We do not suceed when POP18 was below 124 uW and AS90 is below 1275 counts; 12 of the locklosses fit into this category.  A completely different set of 10 locklosses occured when REFL DC was above 6.5 mW at the begining of the attempt.   

Bounce and Roll modes are not a factor

This plot shows that there is no apparent relationship between how rung up the bounce and roll modes are and locklosses, which had been one of our theories for why we were failing in this transition.  

Radiation Pressure causes PItch motion at quad resonance

What is happening durring this transition is that radiation pressure moves the test masses in pitch.  If our beams are not well centered on the test masses the light builiding up in the arms produces a radiation pressure torque on the masses.  Since we are not yet on resonance in the arms, the radiation pressure can vary linearly with cavity length, and if we are not well aligned it can vary linearly with alignment as well.   While we lock CARM on the sqrt(TRX+TRY) signal, the power in the arms is kept constant, so we have no instability.  As soon as we transition to REFL 9 the power in the arms can fluctuate more, causing the optics to swing at the main pitch resonances of the quads.  

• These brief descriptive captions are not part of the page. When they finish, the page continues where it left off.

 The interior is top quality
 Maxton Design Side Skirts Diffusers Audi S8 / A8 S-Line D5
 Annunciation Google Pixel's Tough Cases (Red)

This is not obvious if you are looking at locklosses, since it mostly appears that the pitch of the optics is a result of the lockloss.  Attached is a plot of 35 sucsesfull transitions, showing sqrt(TRX+TRY) and the pitch of the three test masses that had functional optical levers durring ER7. All of these signals are rescaled and the mean of the oplev signals from the first 10 seconds is removed.  From about 10 to 15 seconds the input matrix is ramping, and the carm offset is ramped down starting around 15 to 16 seconds.  You can see that the oplev motion is well correlated with fluctuations in TR CARM, and that the oplevs move up in pitch as the CARM offset is reduced to zero.  

  In April we starting using oplev damping loops to avoid this type of lockloss, that was in use durring ER7, but this isn't enough to prevent the locklosses reliably.  Right now I am inclined to think this is the main problem with this transition.  

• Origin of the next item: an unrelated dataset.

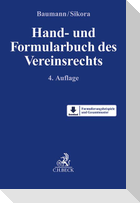 Hand- und Formularbuch des Vereinsrechts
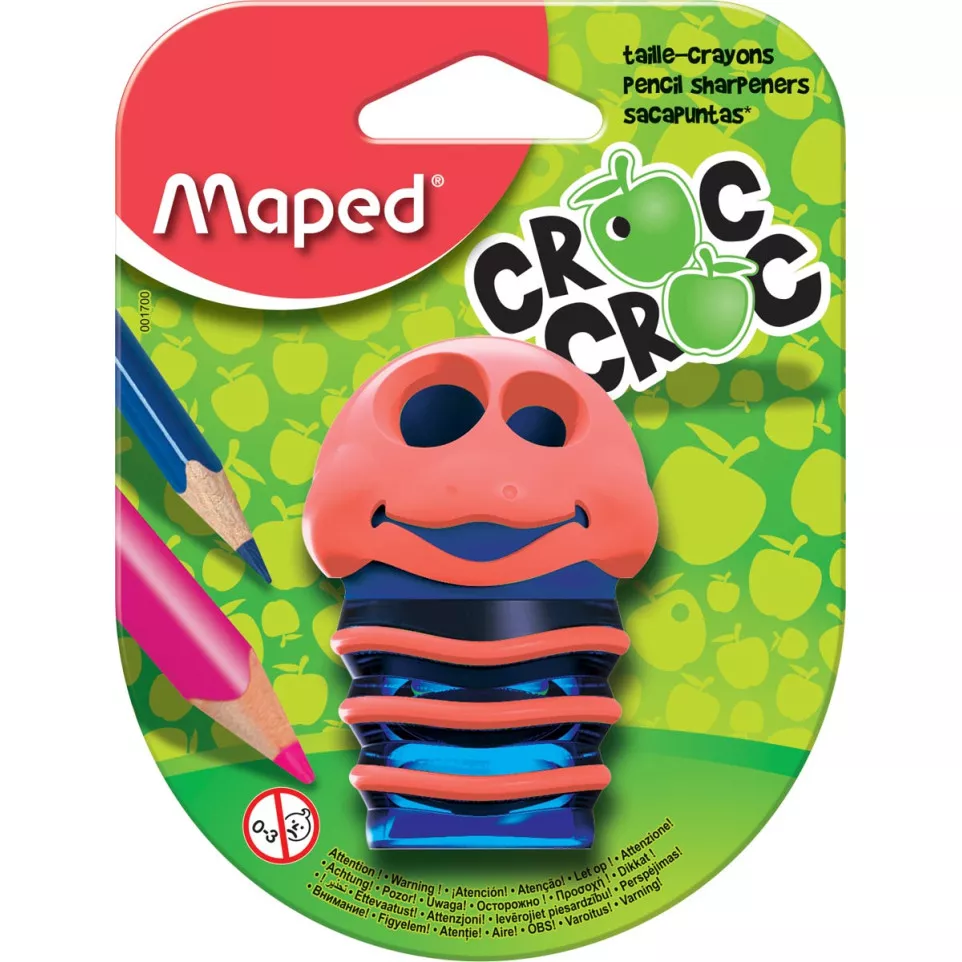 Maped taille-crayon Croc Croc sous...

A few ideas for improving things:

• Make the transition faster. We are curently using a 5 second ramp to change the error signals and a 5 second ramp to reduce the CARM offset to 0 after we transition, both of these could probably be much faster, allowing us to zoom through the transition without enough time to ring up the pitch mode.
• We could try moving the transition to a smaller CARM offset.  When we get closer to resonance, the transmitted arm power will vary less with arm length fluctuations. This means it will become a less reliable locking signal, but it might be that we could get away with going closer than we are now. 
• We could try engaging more ASC loops durring the CARM offset reduction, to get a consistent alignment when we arrive at this transition.  The ITM QPD loops could possibly be turned on earlier, we should be able to turn them on as soon as we move the CARM signal to sqrt(TRX+TRY), at this point we are still running all DRMI ASC loops.  
• we can have the gaurdian check AS 90 and REFL DC before doing the transition, this would have identified about 60% of the times when the transitions were not going to suceed durring ER7.  
• we should not be waiting for the bounce modes to be damped in earlier states of the CARM offset reduction.  While waiting for bounce to be damped the IFO can become misalinged making lockloss durring the transition more likely. We have sucsesfull transitioned with the bounce mode rung up to about 10^-11 m/rt Hz,  and we can transition to DC readout once it is below about 10^-13 m/rt Hz.